Les circuits courts alimentaires pendant la crise : des collectivités en soutien
Après la fermeture des établissements scolaires et de leurs cantines, des restaurants puis de la plupart des marchés, nombre de petits producteurs se retrouvent sans débouché. Soutenus par des collectivités et des chambres d'agriculture, des gestionnaires de plateformes de vente en ligne, des associations et des citoyens, ces producteurs se mettent à d'autres formes de vente directe, souvent en collaborant à plusieurs. De nouveaux circuits courts qui tracent en urgence leurs sillons.

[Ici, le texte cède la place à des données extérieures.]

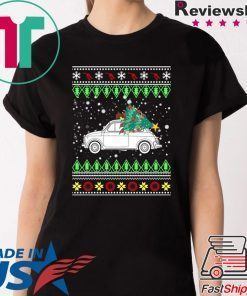 Fiat 500 Ugly Christmas Tee Shirt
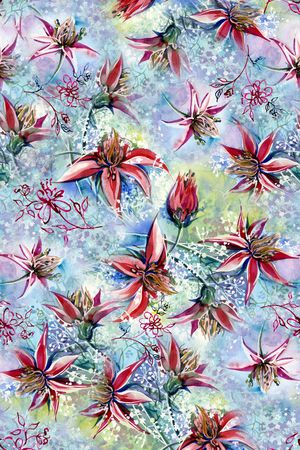 数码华亿平台印花华亿平台图片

"Le développement des circuits courts de distribution de produits locaux est une politique forte de la Somme. La crise du Covid-19 en renforce la nécessité et celle de soutenir le monde agricole." Laurent Somon, président du département de la Somme, a annoncé le 3 avril sur Twitter l'ouverture de trois "drive fermiers" dans des collèges d'Abbeville, Péronne et Amiens. L'objectif : permettre aux habitants de "continuer à manger local et de qualité pendant le confinement", tout en offrant des solutions à des producteurs privés de leurs débouchés habituels – marchés, cantines et restaurants. À partir du 7 avril, la commande et le paiement en ligne pourront être effectués sur le site du département ; puis les distributions auront lieu deux fois par semaine "dans le strict respect des règles d’hygiène et des gestes barrières", selon un communiqué du 4 avril.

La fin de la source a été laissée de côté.